Sunday, February 17, 2008

You Mess With Sharpe, You Mess With Me

Or, IMDbers still annoy me.

On the recent revival of Sharpe, Bernard Cornwell's second-greatest arse-kicking creation (Thomas Hookton is probably slightly cooler) some guy posts a long rant about how it isn't as good as the early ones. Or, rather, how it is different, and therefore is rubbish because he has a Hitlerian phobia of things that are not the same as other things.

Naturally, I stuck around to see somebody own his arse. Then, a reply:

Excellent analysis. I agree with all your points.

Hmmm, it seems I'll need to respond to your posts and insult you on my blog in secret...

I was very much looking forward to seeing how Sharpe got on after 10 years, but it seemed at times like being reacquainted with an old friend I've lost contact with and we both seem to have changed.

...yes. It is completely unrealistic for a character to change after a period of time.

For what it is worth, in his first TV appearance in Sharpe's Rifles, Lt. Sharpe (as he was then) was pretty much a psychopath, perfectly willing to kill any, or even all, of his soldiers, and he was only beginning to soften by the end of the story. In the last of the original series, Sharpe's Waterloo, he places the value of a good soldier's life above all else, setting out to risk his own life for just a shot at getting rid of a criminally incompetent officer.

And a character can go on changing, even when the cameras are off.

I noticed bean's acting limitation here; I always made allowances for him in earlier episodes given his social background etc.,

...somebody from a working class background cannot act?

I'm not going to respond to that. I'll just give Christopher Eccleston your address. I hope you like your ears to bleed...

but here he just seems constantly numb.

...I think I might get some of that vibe in some of the scenes, but those are probably the ones filmed when he was ill from all the Indian food.
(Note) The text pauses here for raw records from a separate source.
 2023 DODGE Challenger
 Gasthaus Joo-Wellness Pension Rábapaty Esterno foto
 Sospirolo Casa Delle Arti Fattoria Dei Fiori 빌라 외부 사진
He has a lot of intense scenes, though - he's disgusting with all of the East India politicking, he seethes that Simmerson has scrounged himself another command, and the fury he directs at Dodd and Biggerstaff is as good as ever.
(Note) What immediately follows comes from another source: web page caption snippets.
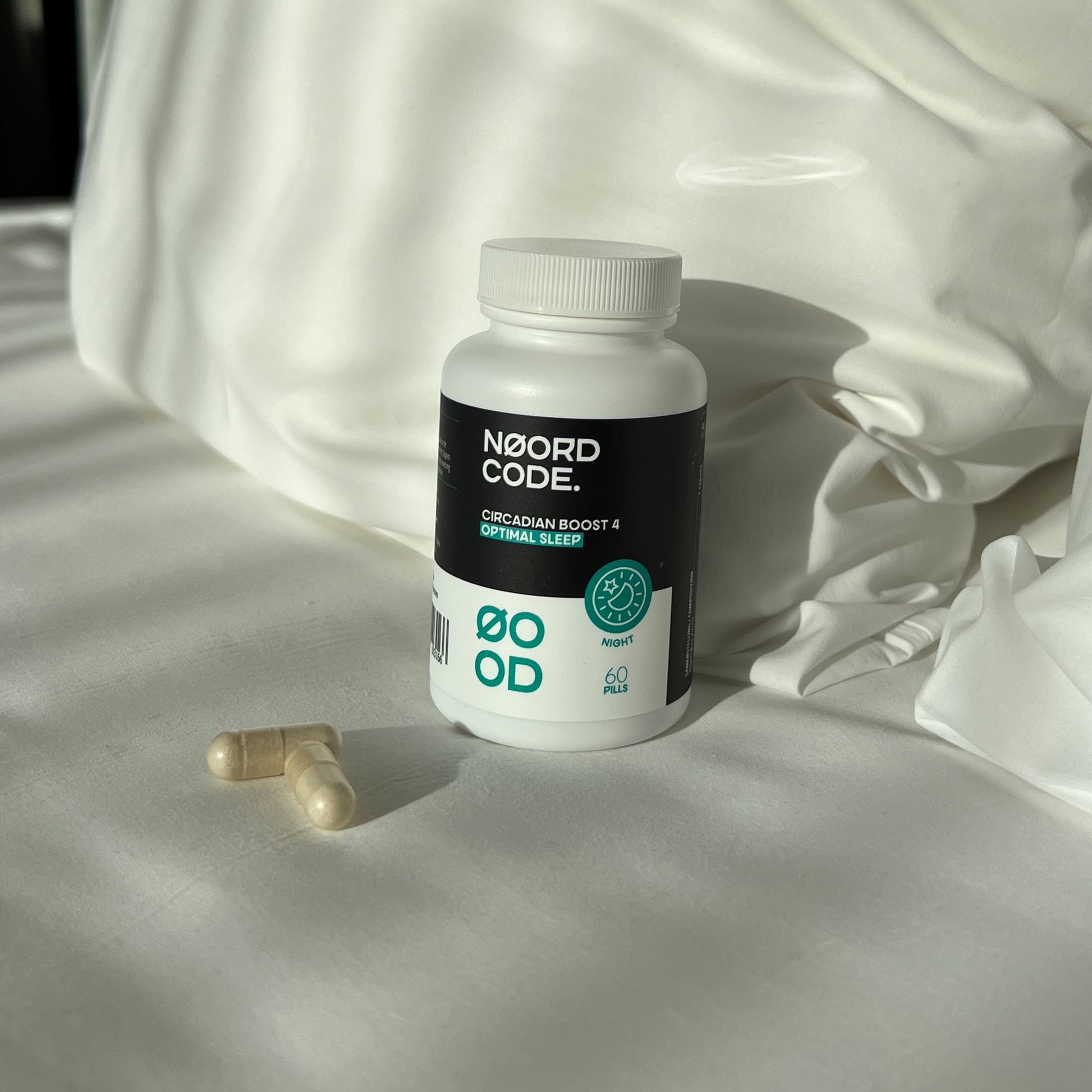 noordcode optimal sleep slapen melatonine gaba beautysups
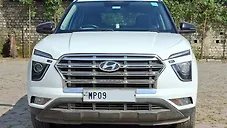Used Hyundai Creta S 1.5 Diesel in Indore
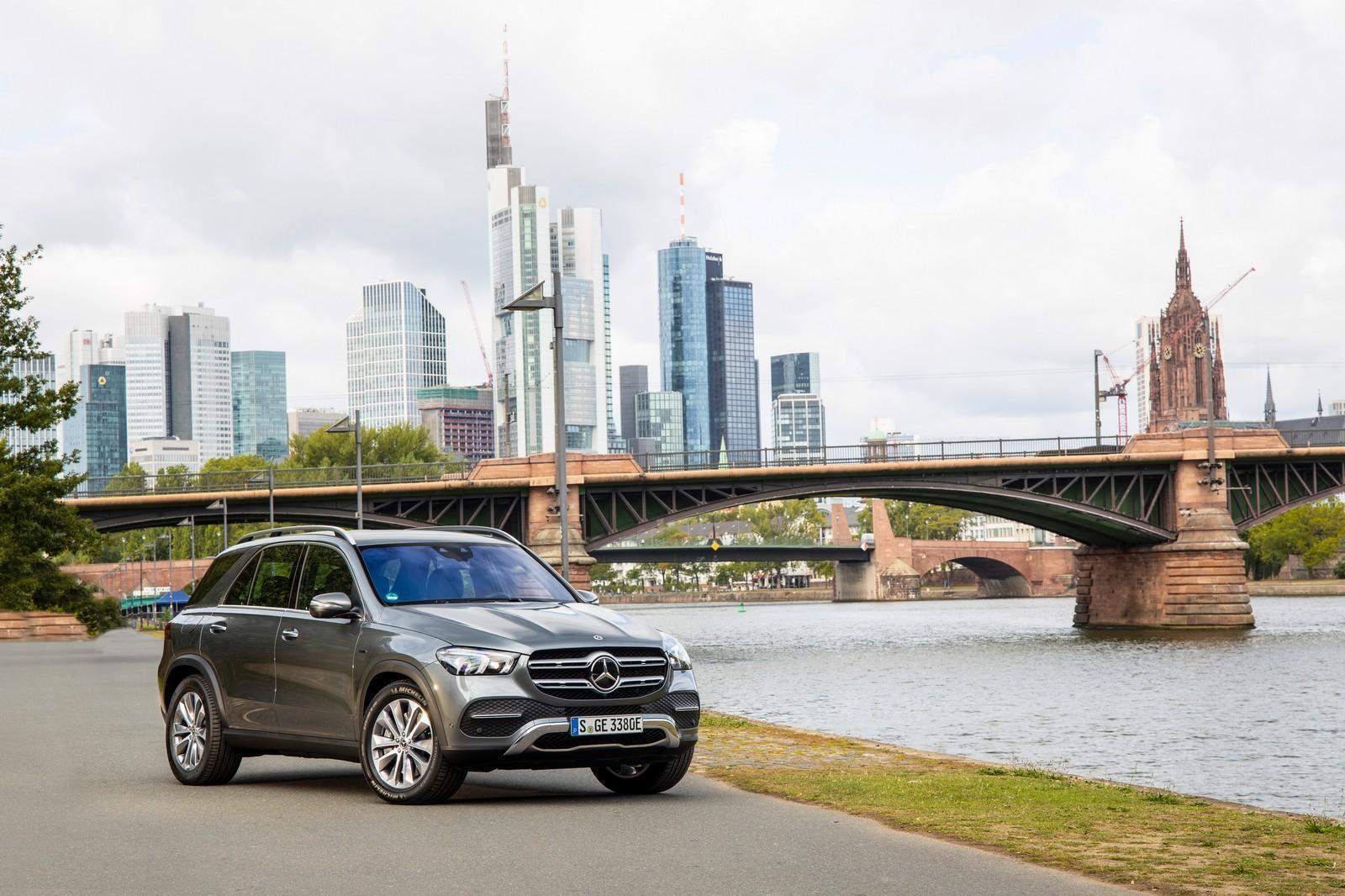 Mercedes GLE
He doesn't even make use of the french he must have learned during his time in retirement in France.

You. Zarking. Idiot. Firstly, you make an assumption based on your own imagination and then cry like a girl when the production company don't share that view. Secondly, your view is wrong in the first place, as you were clearly too stoned out of your mind to notice that Sharpe learnt good French in the second season. Thirdly, after that one story he just about never spoke French again, leaving the interrogating to Frederickson or Harris, which shows that this is hardly a new problem for the writers. And finally - WHY THE HELL WOULD HE BE SPEAKING FRENCH ANYWAY? Yes, there are two French characters in this story - but they both speak good English! And he is dealing with them when he's pretending to be a deserting soldier - coming out with a foreign language is hardly going to go with the whole "`Ullo, I don' know wot Oi'm doin' 'ere but oi can fire a gun 'n stuff" act, is it?
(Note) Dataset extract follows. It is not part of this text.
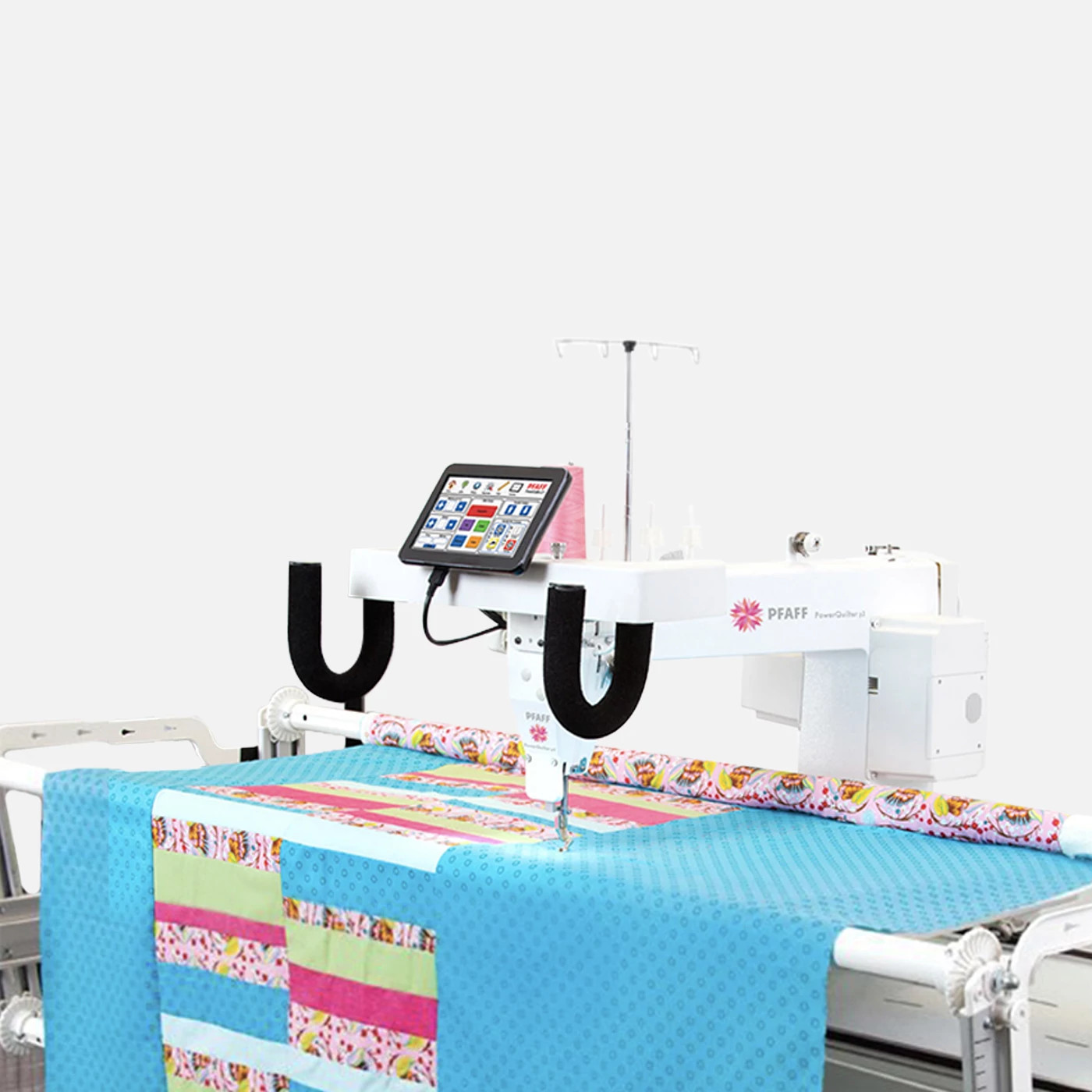 powerquilter™ p3 Long Arm Quilting Machine image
And the mistakes he constantly makes- why in hell does he actually give his real name when acting as a spy?

It's a little odd, I will concede that, especially as he traditionally adopts the name "Dick Vaughn" when undercover, but nobody was looking for him and nobody would know him in Seringapatam. Possibly you reason that Major Gudan, being French would know about Richard Sharpe, but there's nothing to suggest this - although Sharpe becomes legendary among British officers, only two French officers are shown to know who he is: Major Ducos, who makes it his business to know enemy soldiers, and General Calvet, who makes a note of who the Rifleman is who keeps kicking his arse every time he walks onto the battlefield.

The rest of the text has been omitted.